A Serendipitous Study

A research cruise, a disaster and some quick thinking result in a set of novel measurements of phytoplankton in the Santa Barbara Channel

After learning in early 2017 that they had received research funding as members of a graduate student team, Sasha Kramer and Kelsey Bisson spent months planning the research cruise that would take place that December. But their plans changed when the Thomas Fire, which would become the largest California wildfire in history at that time, spread from Ventura to Santa Barbara County.

“It was a tense time for everyone,” Bisson recalled of those days, fraught with evacuation notices along with cruise preparations.
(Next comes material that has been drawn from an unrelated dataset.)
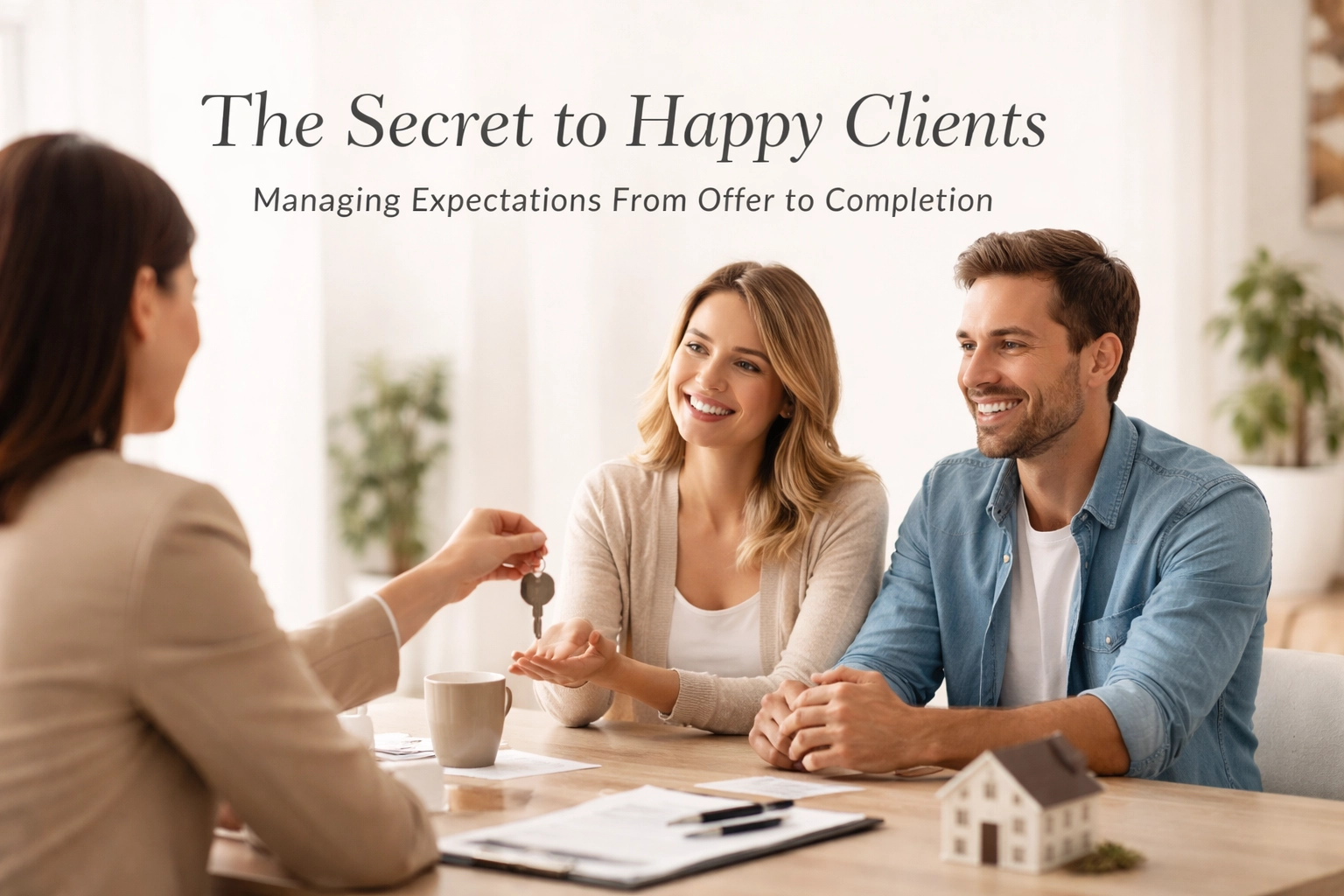 [HERO] The Secret to Happy Clients: Managing Expectations From Offer to Completion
As the science team dodged the smoke and packed their things, they reconsidered their approach: leave for more distant waters and clearer air, or see how the Thomas Fire, with its growing dark canopy of smoke and ash, affected the biology and chemistry of the Santa Barbara Channel?

They decided to lean in.

“We had a team meeting and decided we wanted to go and just take advantage of it to do what we could,” Bisson said.

The object of this part of their study was to describe the phytoplankton community, microscopic organisms that are foundational to the marine food web. Composed of several broad groups, including bacteria and single-celled algae, phytoplankton live in the sunlit upper regions of the ocean, not only feeding a diversity of animals in the Channel, from tiny zooplankton to whales, but also performing important roles in the ocean’s carbon and nutrient cycles. An imbalance in the phytoplankton community could lead to a range of phenomena, from toxic blooms to oxygen-free dead zones, affecting all who live in and use the Channel.

“Our two hypotheses were that either the ash contains nutrients that could be used by phytoplankton once it dissolved in the ocean water that could potentially increase phytoplankton growth,” Kramer said, “or that the darkness in the skies during the day might limit the light that they could use for photosynthesis.”

Their research is now published in the Journal of Geophysical Research: Oceans. The project was funded by UC Ship Funds program at the Scripps Institution of Oceanography; the National Academies Keck Future Initiative supported the art component of the research cruise.

What’s in the Water

Sampling seawater in the Channel over the course of the week at the height of the Thomas Fire, the all-graduate student research team led by Bisson and Nicholas Baetge, also of the Interdepartmental Graduate Program in Marine Science, used several approaches to analyzing the water’s chemistry and resident microorganisms.

The original plan for research — an investigation of the daily dynamics of phytoplankton, zooplankton and bacteria — was still in play, but now the team was also interested in the direct and more immediate impacts of ash and cloud cover. This shift led to some adjustments in their sampling schedule and locations, and to the eleventh-hour acquisition of an imaging flow cytometer (IFCB, McLane Labs) from colleague Alexis Fisher’s lab at UC Santa Cruz. The technology would prove to be invaluable to the real-time snapshot of the water the researchers were trying to capture.

“There might be a chemical signature of ash in the water,” said Kramer, “but it’s diluted quickly, and it would be difficult to differentiate between ash and other sediment or detrital particles.” The IFCB allowed the researchers to image ash and sediment, and also get images of the local phytoplankton populations at the time of their sampling.

Laying a Foundation

The researchers note that they were ultimately unable to draw any definitive conclusions about the impact of California wildfires on the nearby ocean, due to the compressed scope of their study compared to the broader examination of competing environmental influences in the Channel.

There were some differences between the phytoplankton community before and during wildfire. One of their main findings was that dinoflagellates dominated the population (up to 90%) during the time of sampling, whereas during a typical Santa Barbara Channel winter, diatoms and picophytoplankton are abundant in the water. This finding, according to the study, “could be attributed to a number of factors, acting either individually or together,” including favorable responses to nutrients brought by the fire, the well-documented ability of this phytoplankton group to survive environmental disturbance, or transportation of this group via currents into the Channel from elsewhere.

Similarly, in the week of sampling, the authors found differences in surface ocean chemistry and temperature, but none that can point to conclusive wildfire-related trends.

“We did see from our analysis that December 2017 was different from every other winter that we’ve been collecting data in the Santa Barbara Channel — the fire was an additional disruption to an already different system in that winter,” Bisson said.

The data should be seen as a set of baseline measurements, the researchers said — a jumping-off point for further study and long-term monitoring of what could become an emerging phenomenon of wildfire-influenced coastal oceans, given California’s now year-round fire season. By the time the scientists were deep in the review and resubmissions process of their paper, the Thomas Fire had lost its rank and become the seventh largest wildfire in California.

“We know there will be more and worse wildfires, and there have been,” Kramer said. “I think it’s possible that this type of serendipitous opportunity could come up again for another group. And I hope that this type of work would encourage them to take advantage of that.”